Queensland Health spokeswoman Jackie Hanson said accreditation was given only to health centres that were assessed as promoting breastfeeding as the norm.

“We (must) adhere to all 10 step of successful breastfeeding,” she said.

“We (must) also comply with the international code of marketing of breast-milk substitutes.

“This means we don’t give free samples, advertise or accept donations from formula companies.

“Formula is provided only for those babies that are unable to breastfeed.”

The initiative’s 10 steps include ensuring “skin to skin” contact immediately after birth, support after discharge and no dummies.

Only 12 other hospitals in Queensland, including Sunshine Coast Private Hospital at Buderim, are accredited.

Three assessors spent two days at Nambour interviewing staff and patients and checking that it was “mother and baby friendly”.

Curra mum Lisa Watson had two children at Nambour and one at Gympie public hospital.

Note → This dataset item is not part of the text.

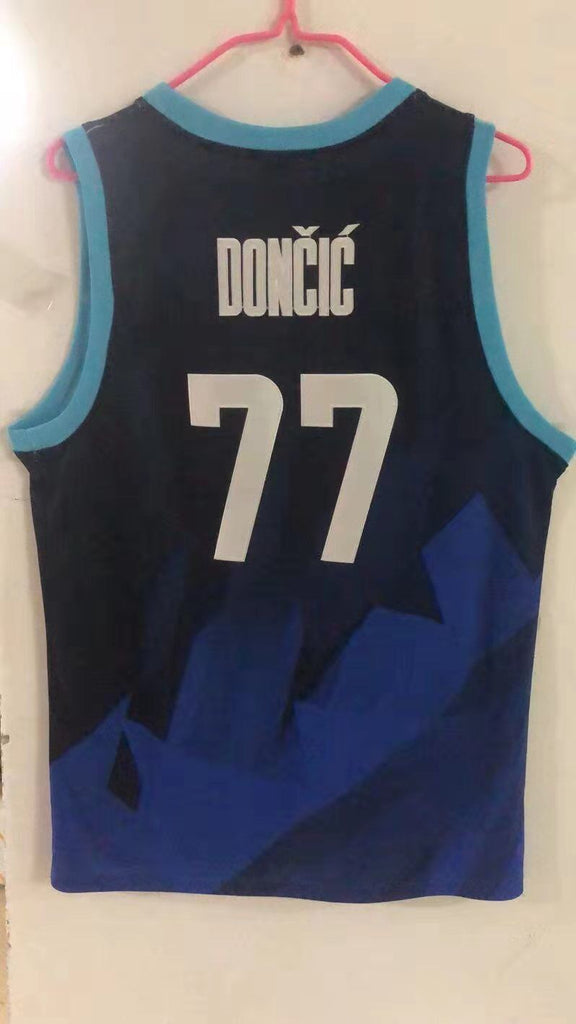 #77 Doncic Tokyo Olympic Slovenia jersey blue (heat pressed) Tokyo Olympics Team Doncic Navy Style 2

A breast reduction at 15 left her unable to produce sufficient milk.

The 29-year-old started an internet support group for bottle babies after discovering there was little assistance for mums using formula.

“The new strategy is good in theory but could lead to more feeling of guilt,” she said. “Whatever your reasons for not breastfeeding, it causes unrelenting frustration.

“When you ask for help, you get directed to breastfeed but no matter how hard you try, sometimes you cannot breast feed.

“With all the pressure, you end up feeling like less of a mum.”

Mrs Watson said she knew many women who found themselves at a supermarket aisle in tears because they did not know what product to buy.

“No one can tell what teat is best, what formula brand is healthiest,” she said.

Professional lactation consultant and initiative chairwoman Bridget Roache said mums should not feel more pressure with the new policy.

“Hospitals that are accredited provide individual education sessions for women who are unable to breastfeed,” she said.

“These women often feel regret at not being able to breastfeed and support is vital.”

Ms Hanson said assessors were impressed by the standard of education that staff had achieved.